=== Begin Enclosure ===

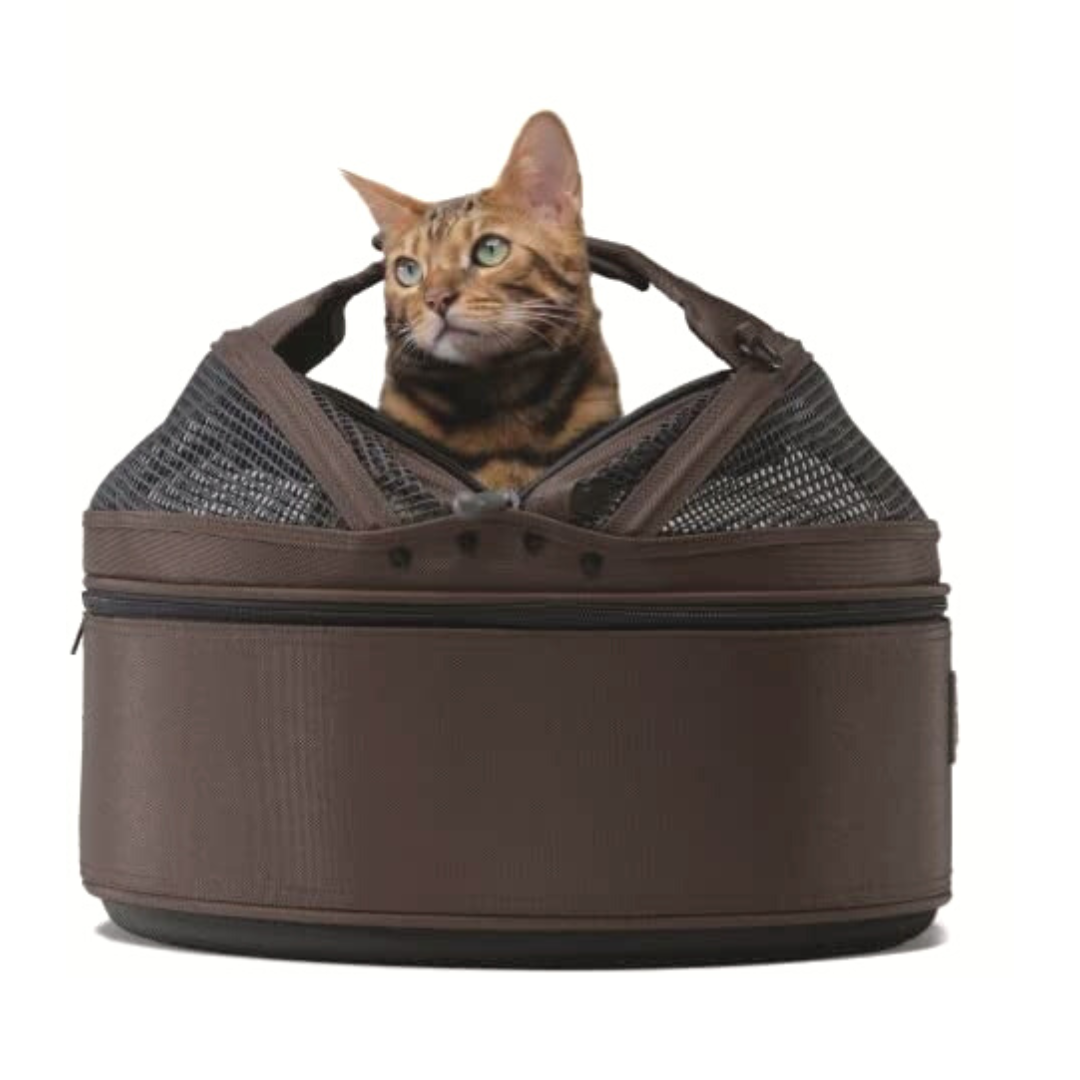 Coco & Pud Sleepypod Pet Carrier with Tabby Cat inside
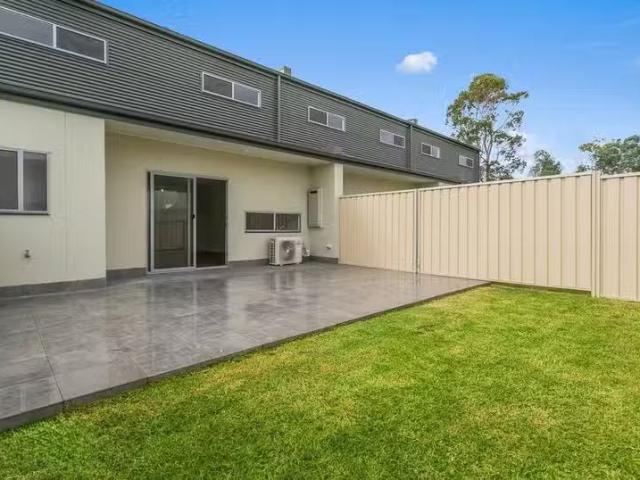 Charming 4 BR 16/9 Bald Street, SMITHFIELD PLAINS, SA 5114 H.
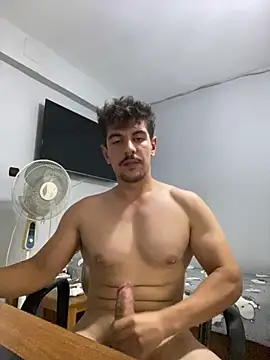 Snapshot of 23cmturkishD chatting on 10-23-25, 02:16 23cmturkishD online show from 10-23-25, 02:16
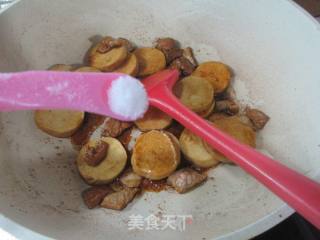 肉片炒金钱圆素鸡的做法步骤：8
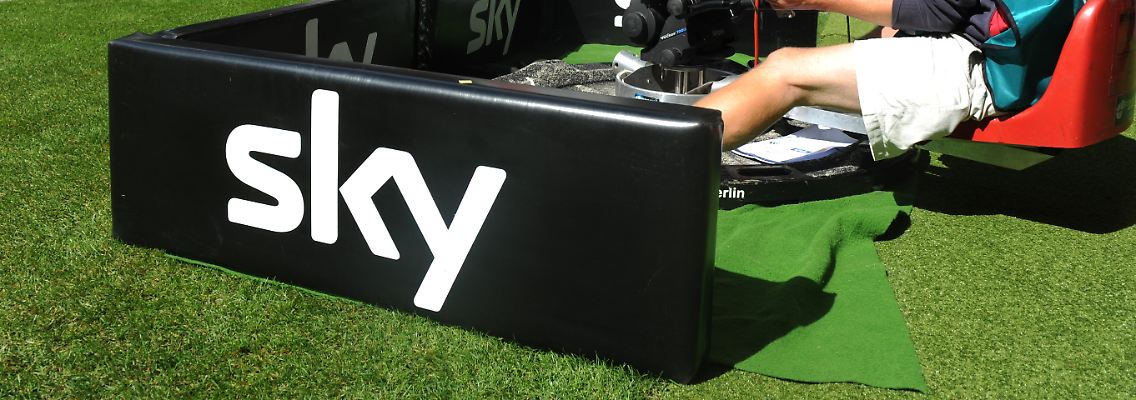 Nicht mehr exklusiv: Wer die Fußball-Bundesliga sehen will, darf das nun auch mit einer ausländischen Decoderkarte tun.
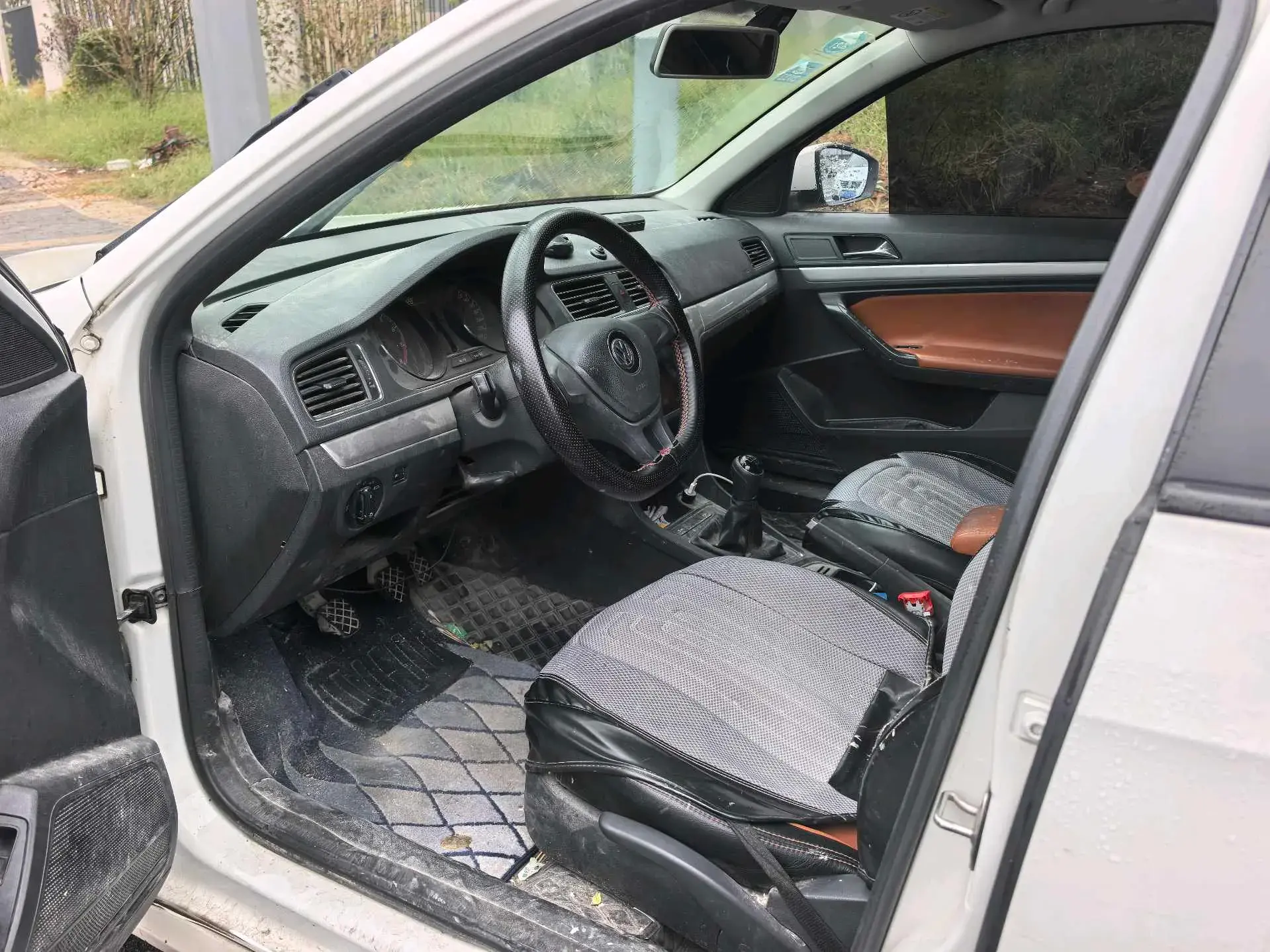 2017 VOLKSWAGEN LAVIDA thumbnail 4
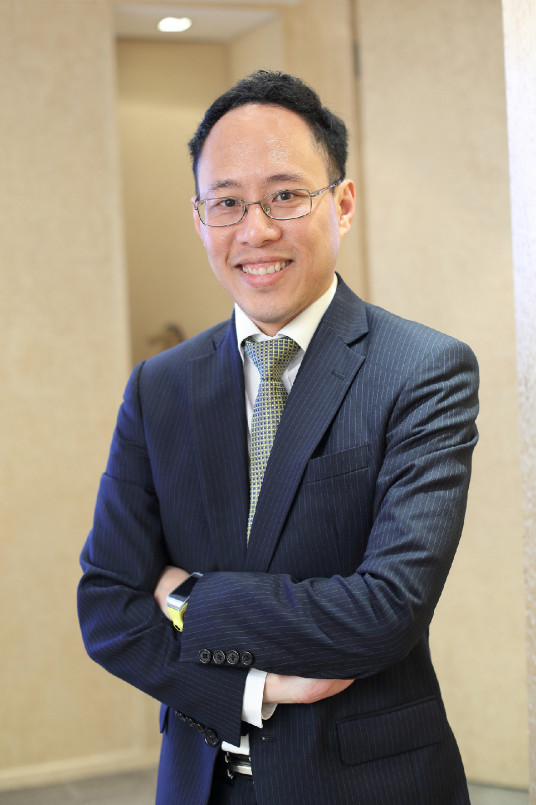 李文俊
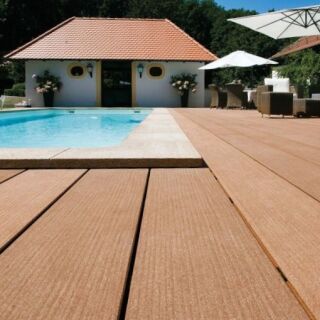 WPC Terrassendielen für Poolbereiche und Spa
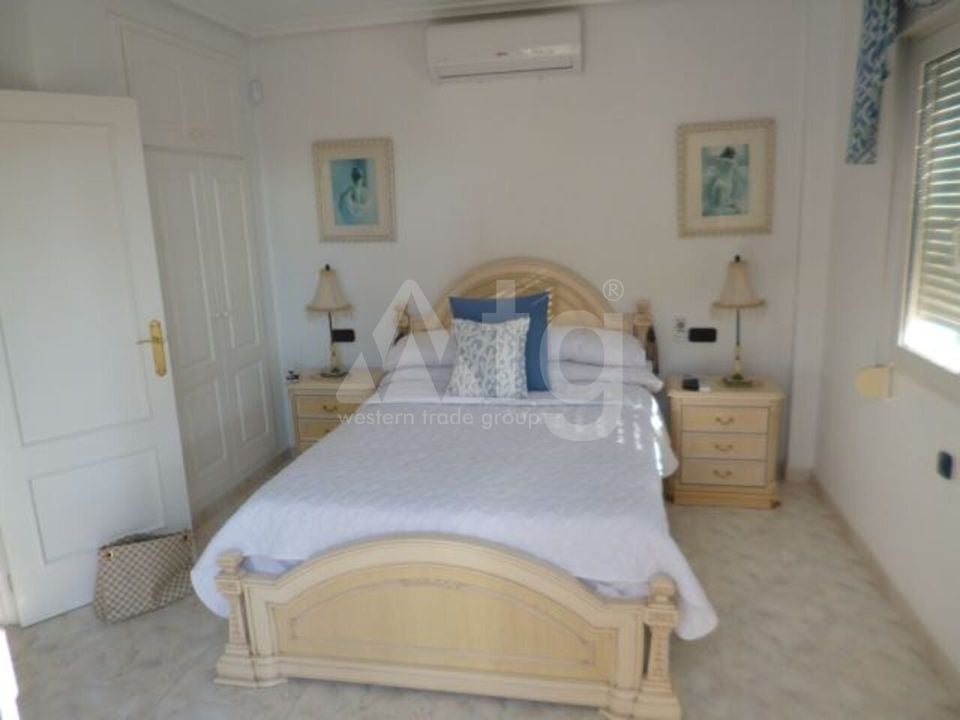 Villa de 3 chambres à Playa Flamenca - SMS122302 - Photo - 12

=== End Enclosure ===

TASK DETAILS:
Your copy should match the records above exactly, apart from the pictures, which stay out.

COMPLETED EXERCISE:
 Coco & Pud Sleepypod Pet Carrier with Tabby Cat inside
 Charming 4 BR 16/9 Bald Street, SMITHFIELD PLAINS, SA 5114 H.
 Snapshot of 23cmturkishD chatting on 10-23-25, 02:16 23cmturkishD online show from 10-23-25, 02:16
 肉片炒金钱圆素鸡的做法步骤：8
 Nicht mehr exklusiv: Wer die Fußball-Bundesliga sehen will, darf das nun auch mit einer ausländischen Decoderkarte tun.
 2017 VOLKSWAGEN LAVIDA thumbnail 4
 李文俊
 WPC Terrassendielen für Poolbereiche und Spa
 Villa de 3 chambres à Playa Flamenca - SMS122302 - Photo - 12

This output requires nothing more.